◆ Directions for this task
What's needed is the listing below, repeated word for word with no pictures.

◆ Information shown
= Beginning of Section =
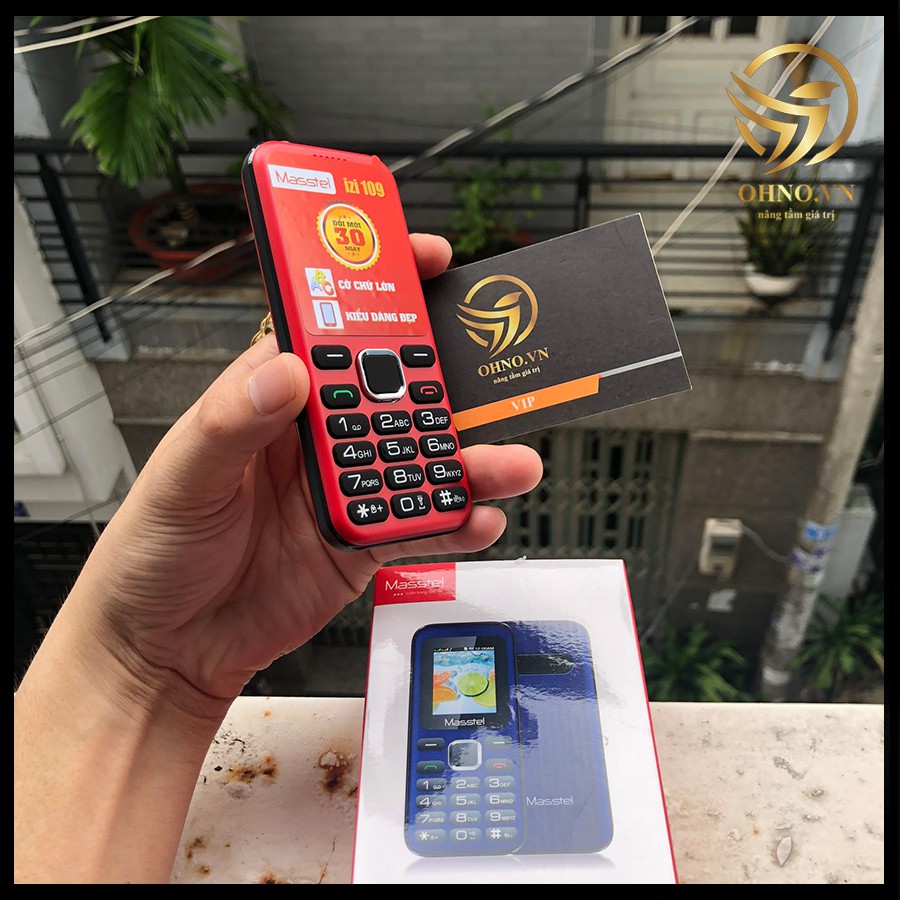 Điện Thoại Cục Gạch MASSTEL IZI 109 Điện Thoại 2 Sim Loa To Pin Trâu FULLBOX - OHNO Việt Nam | BigBuy360 - bigbuy360.vn
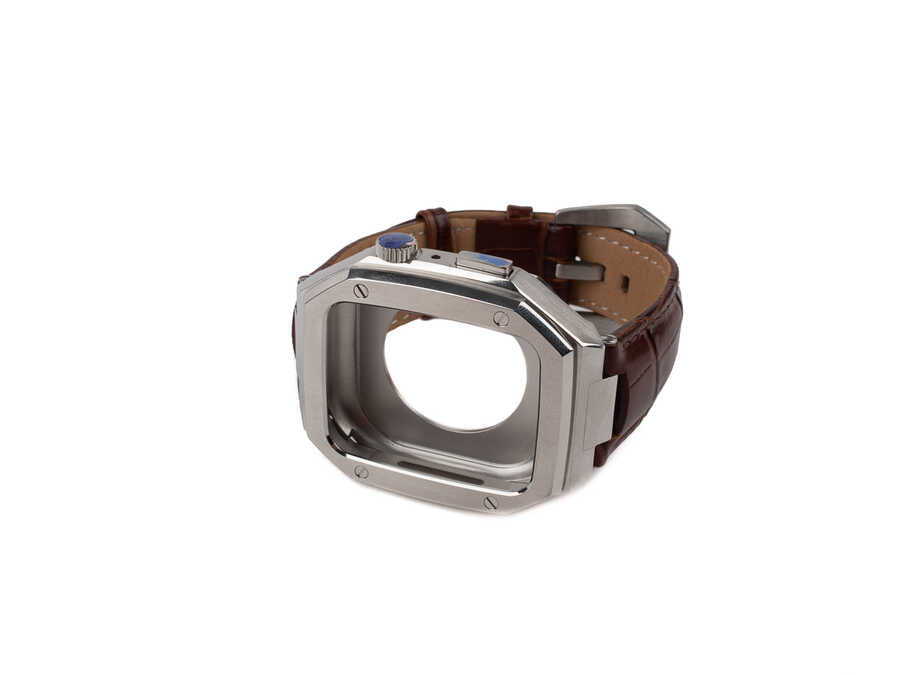 Apple Watch 44mm KRD-67 Kordon Lacivert-Gold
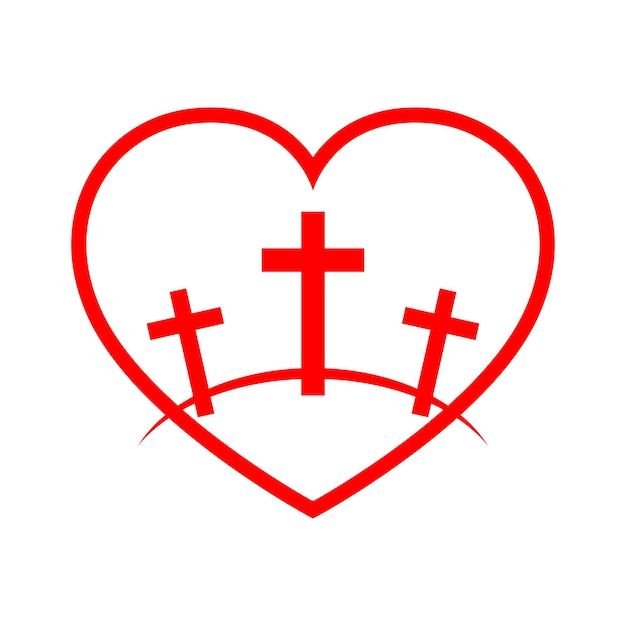 Icono del calvario ilustración vectorial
= End of Section =
◆ Result of this task
 Điện Thoại Cục Gạch MASSTEL IZI 109 Điện Thoại 2 Sim Loa To Pin Trâu FULLBOX - OHNO Việt Nam | BigBuy360 - bigbuy360.vn
 Apple Watch 44mm KRD-67 Kordon Lacivert-Gold
 Icono del calvario ilustración vectorial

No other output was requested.